2. The Engineered Food Environment
- Processed Food Addiction:
“A lot of the food is intentionally engineered to be as addictive as possible. That’s the reality.” (00:12, 08:52)
Food chemists in major corporations openly develop products to maximize addiction. - Food Additives and Regulation Gaps:
U.S. food industry uses “GRAS” designations with minimal testing; contrast with much stricter EU regulations (09:54). - Obesity—Roots and Misconceptions:
- Not purely genetic—structural environment and food are the driving factors (21:10).
- Pharmaceutical response is to produce lifelong drug customers versus actual cures.
“If you look at the pharmaceuticals solution to any of these problems, it always results in people taking drugs for the rest of their life because it’s such a good business model.” (10:47)
3. Medical Education and "Disease Management"
- Gaps in Doctor Training:
Baker emphasizes the near-total absence of practical nutrition or disease-reversal education in medical training—surgeons told to recommend weight loss without any system or support for achieving it (11:40). - Cultural Shift After Covid:
“Pre-covid, most people viewed physicians—about 70% of Americans—as trustworthy.
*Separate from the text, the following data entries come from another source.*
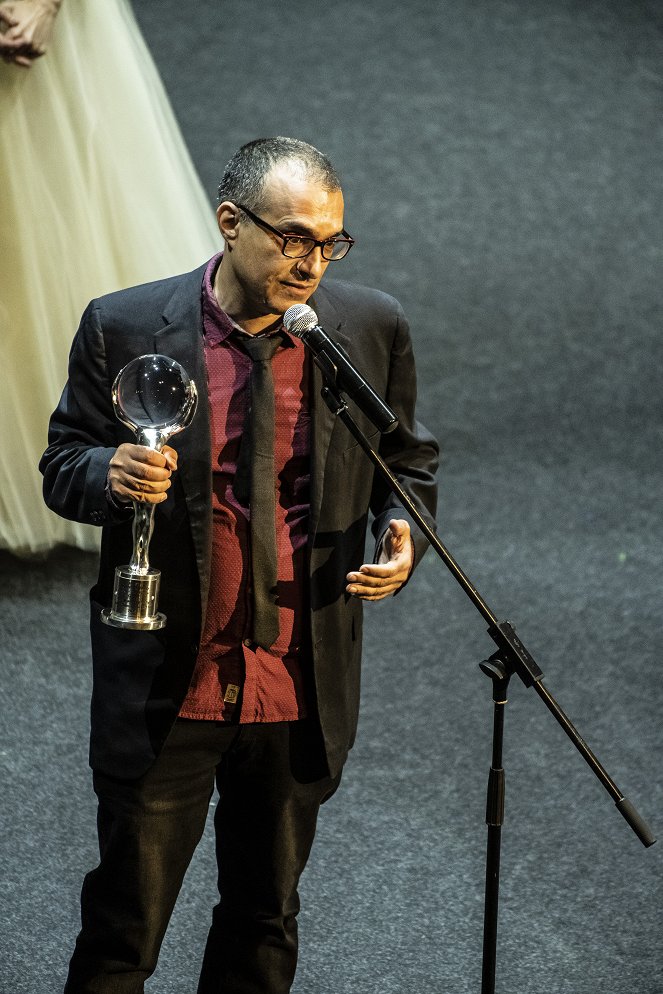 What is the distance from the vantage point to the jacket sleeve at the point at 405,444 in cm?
188

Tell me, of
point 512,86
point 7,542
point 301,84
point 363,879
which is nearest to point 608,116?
point 512,86

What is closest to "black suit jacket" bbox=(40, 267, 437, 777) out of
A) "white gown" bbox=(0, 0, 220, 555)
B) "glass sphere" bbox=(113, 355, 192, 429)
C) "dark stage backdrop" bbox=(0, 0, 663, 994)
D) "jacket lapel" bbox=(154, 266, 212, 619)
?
"jacket lapel" bbox=(154, 266, 212, 619)

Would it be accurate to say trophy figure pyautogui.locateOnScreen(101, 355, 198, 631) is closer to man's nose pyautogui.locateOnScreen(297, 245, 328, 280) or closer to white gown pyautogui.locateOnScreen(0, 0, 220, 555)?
man's nose pyautogui.locateOnScreen(297, 245, 328, 280)

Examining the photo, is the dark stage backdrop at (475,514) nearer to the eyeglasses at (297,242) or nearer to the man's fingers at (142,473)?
the man's fingers at (142,473)

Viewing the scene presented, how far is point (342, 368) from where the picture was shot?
153 centimetres

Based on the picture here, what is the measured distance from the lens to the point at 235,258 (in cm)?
170

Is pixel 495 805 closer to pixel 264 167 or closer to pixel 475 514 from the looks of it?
pixel 264 167

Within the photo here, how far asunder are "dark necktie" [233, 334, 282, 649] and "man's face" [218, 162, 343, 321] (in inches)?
3.2

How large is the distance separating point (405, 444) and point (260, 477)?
11.3 inches

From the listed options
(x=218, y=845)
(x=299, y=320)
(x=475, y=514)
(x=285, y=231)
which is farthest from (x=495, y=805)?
(x=475, y=514)

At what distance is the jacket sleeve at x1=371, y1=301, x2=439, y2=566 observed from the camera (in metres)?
1.88

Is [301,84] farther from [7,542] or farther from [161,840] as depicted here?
[161,840]

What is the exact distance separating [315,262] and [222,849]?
0.86 metres

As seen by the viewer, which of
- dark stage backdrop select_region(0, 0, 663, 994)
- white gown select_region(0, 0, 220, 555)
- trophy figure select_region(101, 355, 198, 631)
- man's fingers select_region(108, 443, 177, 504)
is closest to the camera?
man's fingers select_region(108, 443, 177, 504) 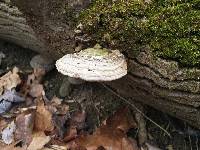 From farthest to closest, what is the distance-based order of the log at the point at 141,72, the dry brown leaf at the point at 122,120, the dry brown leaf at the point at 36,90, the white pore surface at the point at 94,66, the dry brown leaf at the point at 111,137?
1. the dry brown leaf at the point at 36,90
2. the dry brown leaf at the point at 122,120
3. the dry brown leaf at the point at 111,137
4. the log at the point at 141,72
5. the white pore surface at the point at 94,66

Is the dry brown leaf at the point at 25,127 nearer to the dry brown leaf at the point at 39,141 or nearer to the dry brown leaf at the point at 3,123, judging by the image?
the dry brown leaf at the point at 39,141

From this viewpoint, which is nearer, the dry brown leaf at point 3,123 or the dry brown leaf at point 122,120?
the dry brown leaf at point 122,120

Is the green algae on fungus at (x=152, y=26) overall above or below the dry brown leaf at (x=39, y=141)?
above

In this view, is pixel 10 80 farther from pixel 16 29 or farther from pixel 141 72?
pixel 141 72

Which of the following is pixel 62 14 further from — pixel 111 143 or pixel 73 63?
pixel 111 143

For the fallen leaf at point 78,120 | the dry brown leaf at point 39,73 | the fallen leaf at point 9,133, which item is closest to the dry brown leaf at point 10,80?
the dry brown leaf at point 39,73

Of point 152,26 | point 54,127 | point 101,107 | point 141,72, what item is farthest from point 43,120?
point 152,26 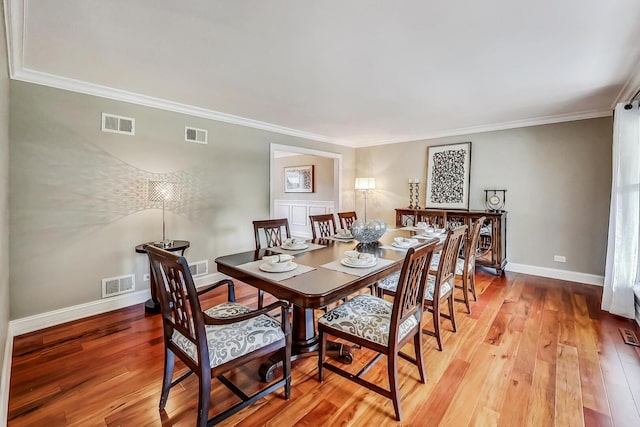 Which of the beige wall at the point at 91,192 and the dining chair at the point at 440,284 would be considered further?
the beige wall at the point at 91,192

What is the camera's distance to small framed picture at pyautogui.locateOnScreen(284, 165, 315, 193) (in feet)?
22.4

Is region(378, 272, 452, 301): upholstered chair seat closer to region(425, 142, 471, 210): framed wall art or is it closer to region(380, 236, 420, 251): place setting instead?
region(380, 236, 420, 251): place setting

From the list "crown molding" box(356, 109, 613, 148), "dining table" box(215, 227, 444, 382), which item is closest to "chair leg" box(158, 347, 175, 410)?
"dining table" box(215, 227, 444, 382)

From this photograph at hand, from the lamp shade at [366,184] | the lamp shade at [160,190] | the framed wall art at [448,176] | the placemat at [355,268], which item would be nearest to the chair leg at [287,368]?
the placemat at [355,268]

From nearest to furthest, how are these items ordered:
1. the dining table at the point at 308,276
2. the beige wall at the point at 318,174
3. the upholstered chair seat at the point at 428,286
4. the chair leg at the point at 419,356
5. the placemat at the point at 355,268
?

After, that dropped into the 40s.” (14:50)
Public trust in healthcare eroding due to profit-driven motives and administrative expansion.
4. Economic Incentives and "Profiting from Sickness"
- Profit Motives Over Cures:
“Goldman Sachs did an analysis... Does it make sense for pharmaceutical companies to cure disease? The answer was no. It makes zero financial sense.” (15:53)
Companies create markets for ongoing treatment, not cures. - Stories of Buried Cures:
- Not conspiracy, but market forces sideline definitive treatments that would end entire profit centers.
- Example: Weight-loss drugs now require additional drugs to “fix” their side effects—stacking the customer base (17:23).
- GDP and Sickness:
“One of the reasons why I hate the GDP metric is because the sicker we are, the better our GDP is.” (19:26)
5. The Systemic Rigging of the Food Chain
- Food System Lock-in:
Federal regulators stymied from banning harmful additives by industry lawsuits and lobbying, making meaningful change unlikely through legislation alone (25:00). - Message to Consumers:
“Stop paying people to poison you. That’s got to stop.” (26:41)
Personal education and consumer choice are more impactful than waiting for top-down change. - Protein & "Health-washing" of Processed Food:
Marketers hijack trends—e.g., "protein chips"—as a greenwashing tactic, obscuring the real need for actual whole foods (27:09).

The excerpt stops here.